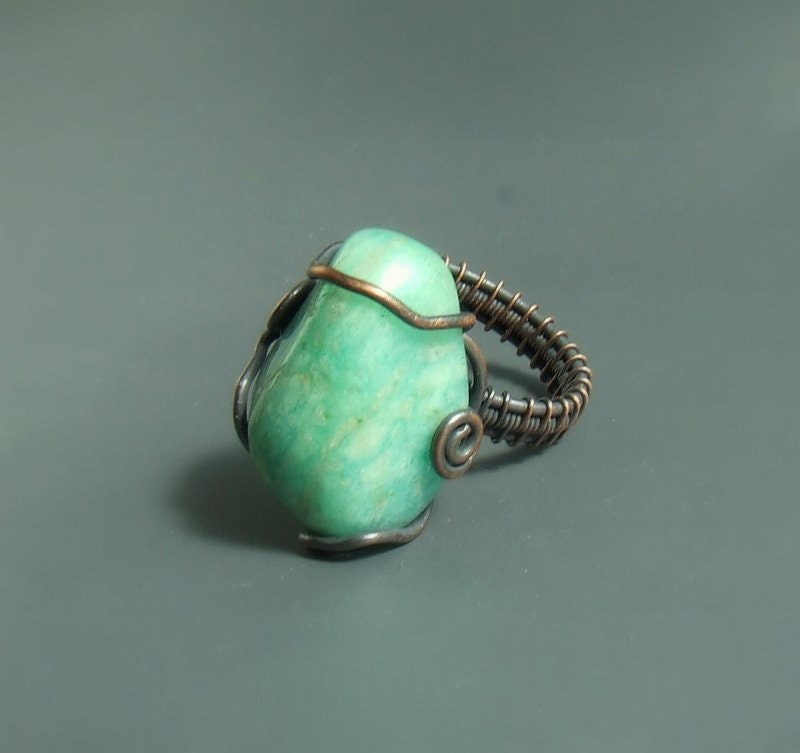 Amazonite copper ring, mint green statement ring, stone ring, rustic natural jewelry
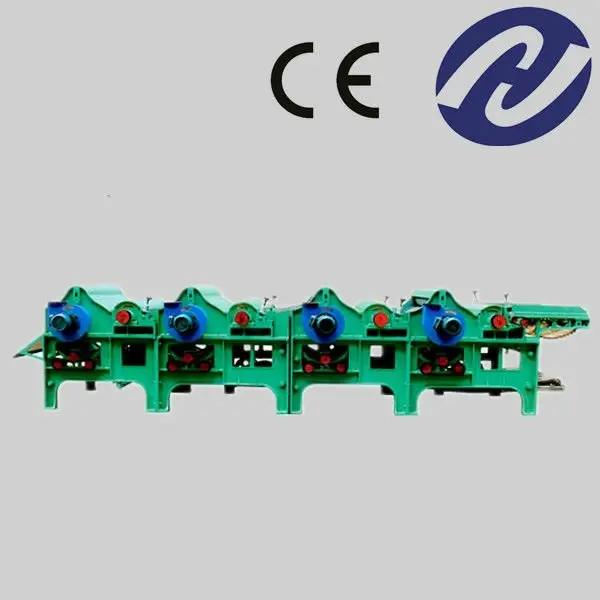 Машина для переработки отходов ткани и хлопка с роликом и металлическим очистителем проволоки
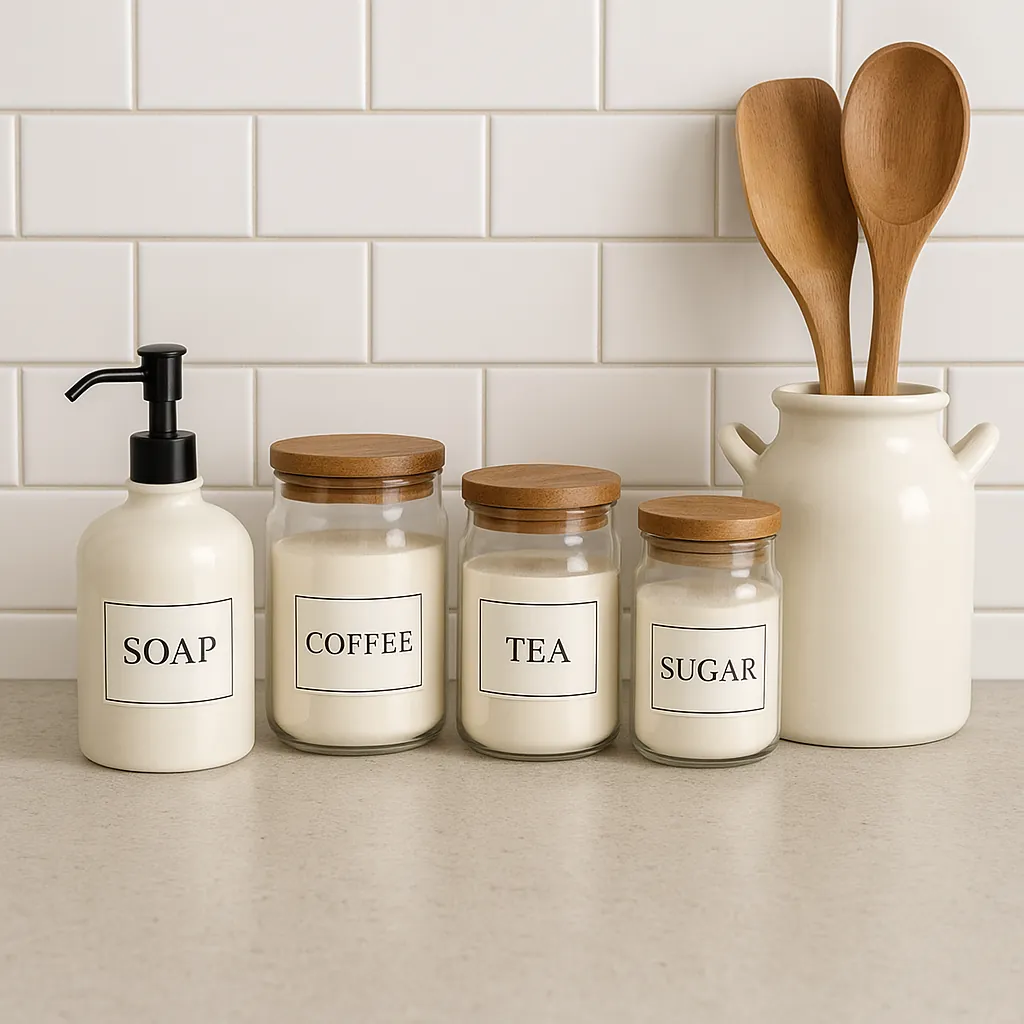 Kitchen countertop with matching ceramic and glass containers labeled soap, coffee, tea, and sugar, styled for a clean, logo-free, cohesive look.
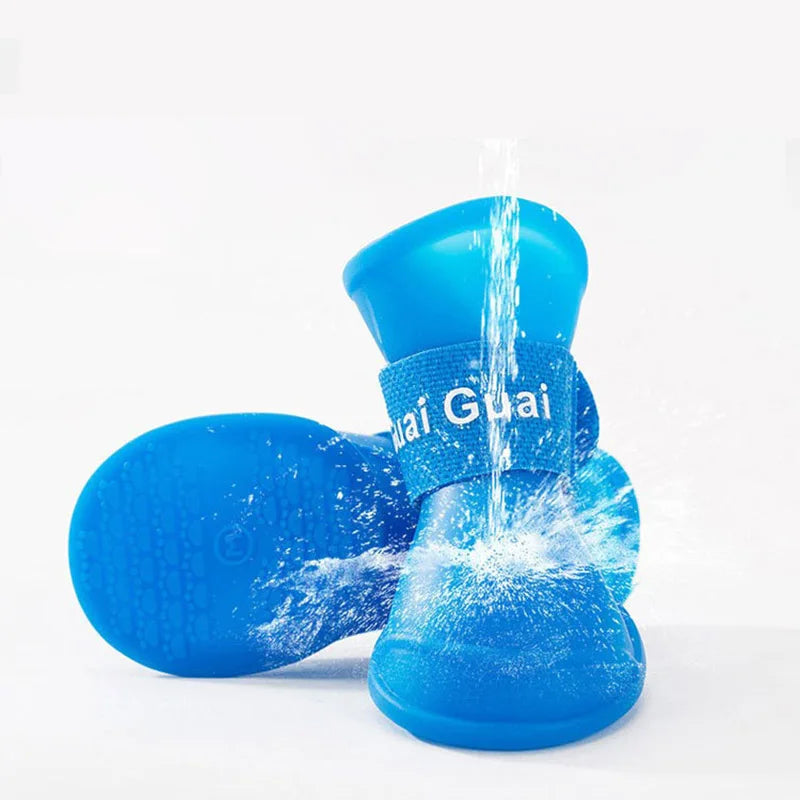 4Pcs Pet WaterProof Rainshoe Anti-slip Rubber Boot For Small Medium Large Dogs Cats Outdoor Shoe Dog Ankle Boots Pet Accessories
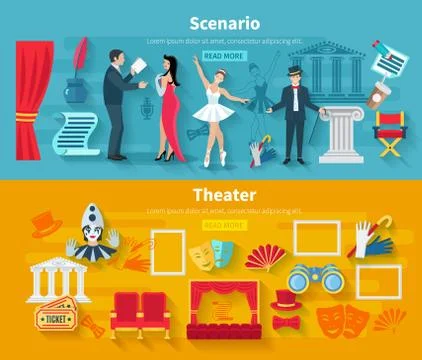 Theater Banner Set Stock Illustration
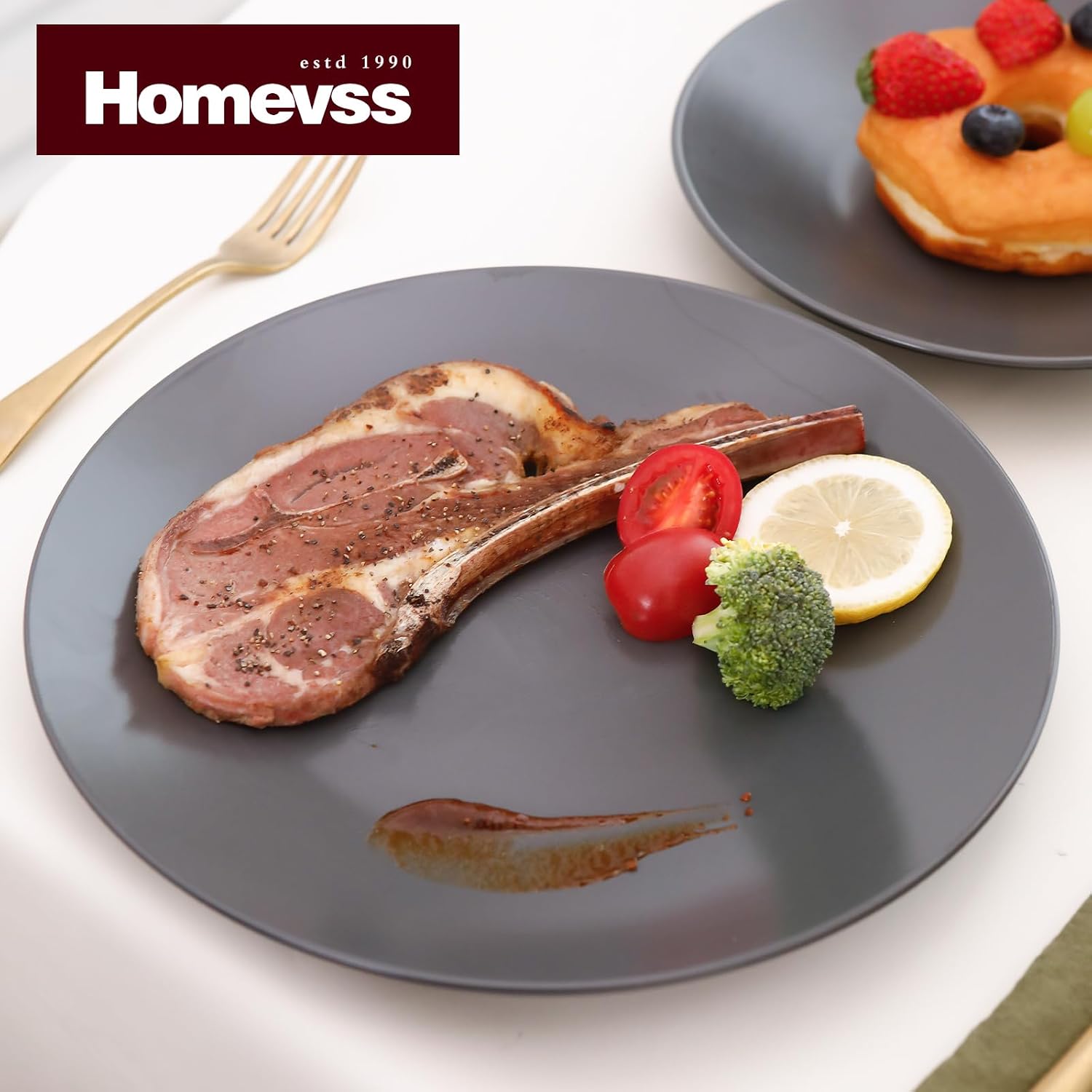 Stoneware Two-Tone Colors Life 16pc Dinner Set，Outside Shiny Black + Inside Matte Glaze Olive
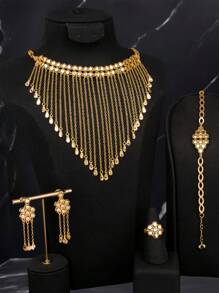 Set de 5 piezas de joyas de cobre en tono dorado, elegante para fiestas, bodas, festivales, banquetes y ocasiones sociales, con collar de cadena y collar de camisa con diseño de estrellas doradas de 18K+dorado champán todo alrededor y borlas en forma de V, adecuado como regalo para la madre, hermanas, como un conjunto de mejores deseos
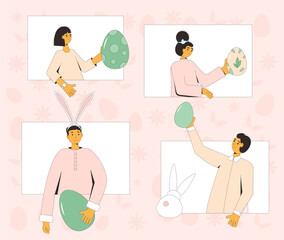 Easter exchange gifts present event. Young people with eggs, bunny ears celebration spring holiday together online. Friends take part on Easter egg hunt party. Vector flat illustration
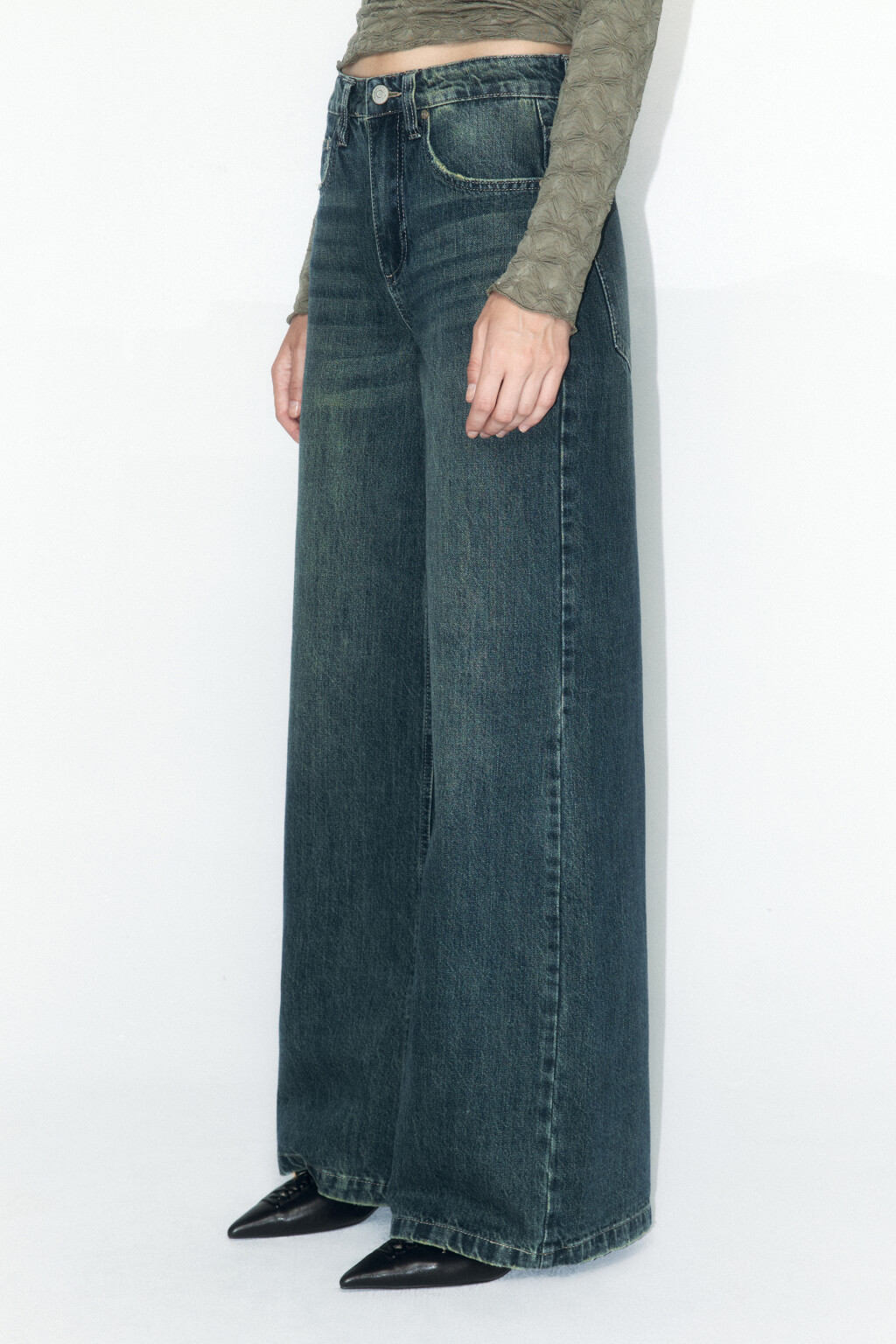 Джинсы wide leg широкие с высокой посадкой - цвет темный тинт - 4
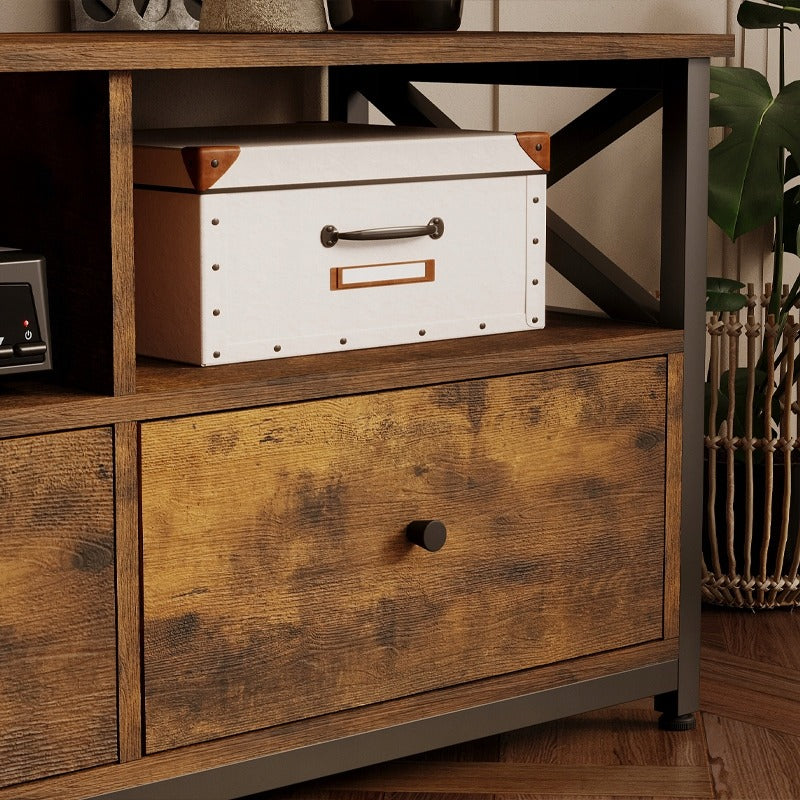 Vintage Loft TV állvány 3 fiókkal, rusztikus barna, 143 cm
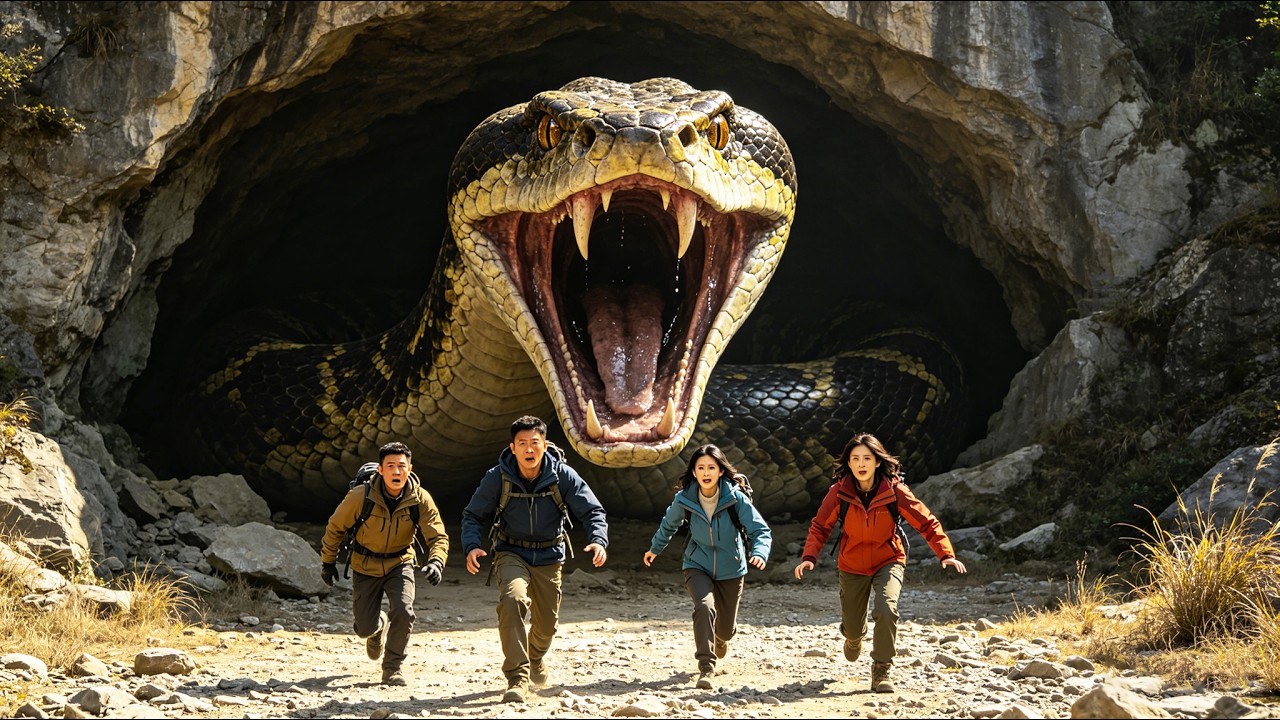 【Full Movie】災難動作電影，巨蟒來襲，人類躲到山洞中卻遭遇比巨蟒更可怕的雞冠蛇！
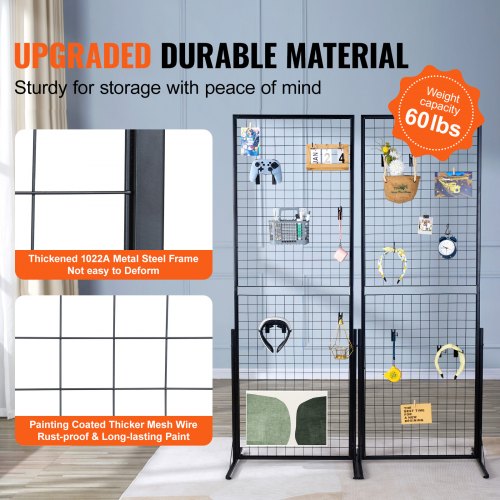 2 x 56 Grid Wall Panels Tower 2 Packs Wire Gridwall Display Racks with TBase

* * * *

Pictures in the records above are to be left out of an otherwise exact copy.

 Amazonite copper ring, mint green statement ring, stone ring, rustic natural jewelry
 Машина для переработки отходов ткани и хлопка с роликом и металлическим очистителем проволоки
 Kitchen countertop with matching ceramic and glass containers labeled soap, coffee, tea, and sugar, styled for a clean, logo-free, cohesive look.
 4Pcs Pet WaterProof Rainshoe Anti-slip Rubber Boot For Small Medium Large Dogs Cats Outdoor Shoe Dog Ankle Boots Pet Accessories
 Theater Banner Set Stock Illustration
 Stoneware Two-Tone Colors Life 16pc Dinner Set，Outside Shiny Black + Inside Matte Glaze Olive
 Set de 5 piezas de joyas de cobre en tono dorado, elegante para fiestas, bodas, festivales, banquetes y ocasiones sociales, con collar de cadena y collar de camisa con diseño de estrellas doradas de 18K+dorado champán todo alrededor y borlas en forma de V, adecuado como regalo para la madre, hermanas, como un conjunto de mejores deseos
 Easter exchange gifts present event. Young people with eggs, bunny ears celebration spring holiday together online. Friends take part on Easter egg hunt party. Vector flat illustration
 Джинсы wide leg широкие с высокой посадкой - цвет темный тинт - 4
 Vintage Loft TV állvány 3 fiókkal, rusztikus barna, 143 cm
 【Full Movie】災難動作電影，巨蟒來襲，人類躲到山洞中卻遭遇比巨蟒更可怕的雞冠蛇！
 2 x 56 Grid Wall Panels Tower 2 Packs Wire Gridwall Display Racks with TBase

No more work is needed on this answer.